Solutions to the Navier-Stokes equations often go through a sequence of distinct regimes, with the flow field becoming more "complicated" as the Reynolds number increases. These changes may occur via (i) bifurcations of the underlying solutions of the Navier-Stokes equations, or (ii) a continuous evolution of the "complicated" flow field (with quantifiable, discrete changes to its topology).

We analyse the interplay between these two, in principle distinct, mechanisms in the context of flows past circular cylinders. If the cylinder is stationary the flow undergoes a Hopf bifurcation at a Reynolds number of approximately 46, resulting in the formation of the famous von Kármán vortex street -- a time-periodic flow in which vortices are shed downstream. While this suggests that the change to the flow topology arises via mechanism

(i) we show that the transition from steady to time-periodic flow (through the Hopf bifurcation) and the formation of individual vortices are in fact distinct events that occur at slightly different Reynolds numbers.

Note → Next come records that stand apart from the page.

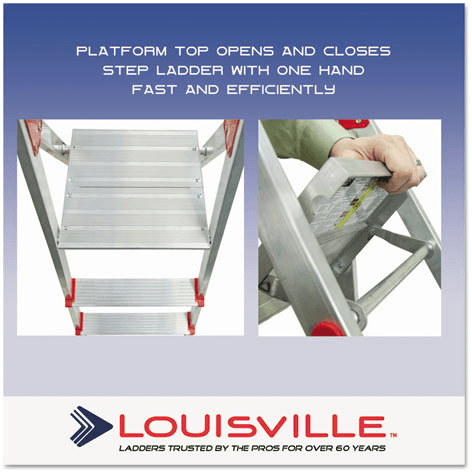 Louisville L2346 Aluminum Euro Platform Utility Step Ladder / A-Type Ladder (200 lbs) - KHM Megatools Corp.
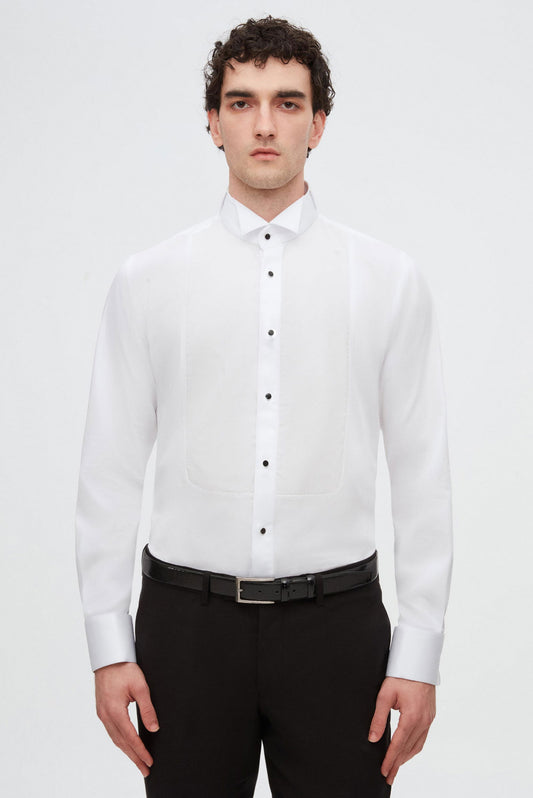 Ds Damat Slim Fit Beyaz Düz Smokin Gömlek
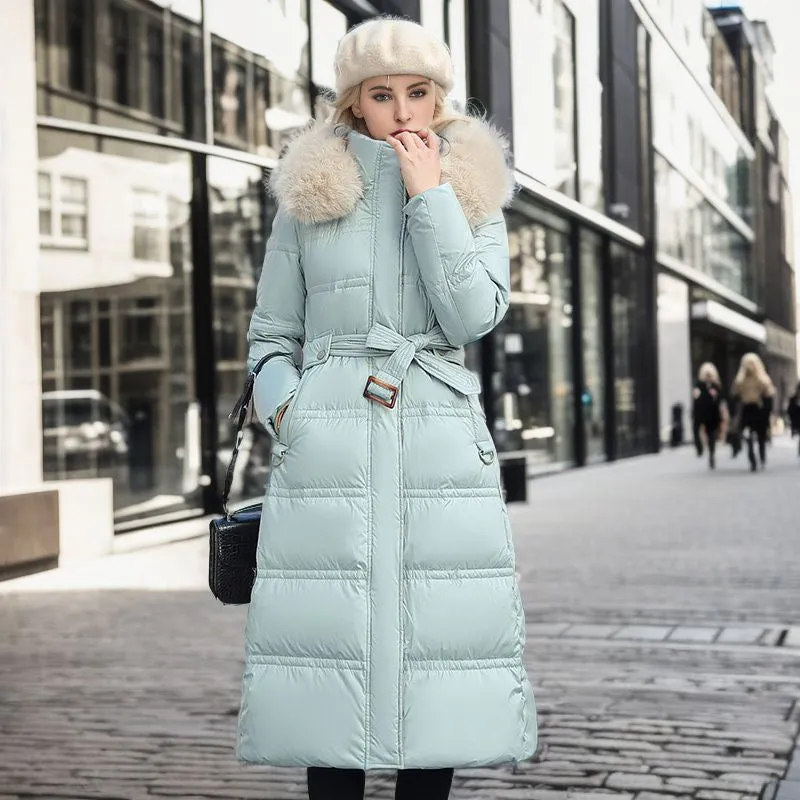 Long jacket with fur cap for Women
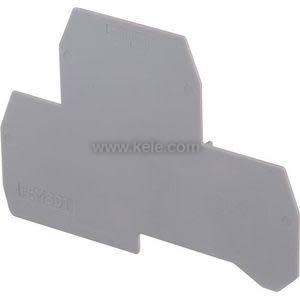 Flat grey rectangular piece with cutouts and a clip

When the cylinder performs forced oscillations transverse to the flow direction, the vortex-shedding pattern becomes significantly more complex, leading to the formation of so-called "exotic wakes" whose character is controlled by the Reynolds number as well as the period and amplitude of the cylinder's motion. While it has generally been assumed that the transition between different wake patterns in response to changes in the amplitude occurs via mechanism

(ii) we show that they are actually associated with a spatio-temporal symmetry-breaking bifurcation of the time-periodic flow.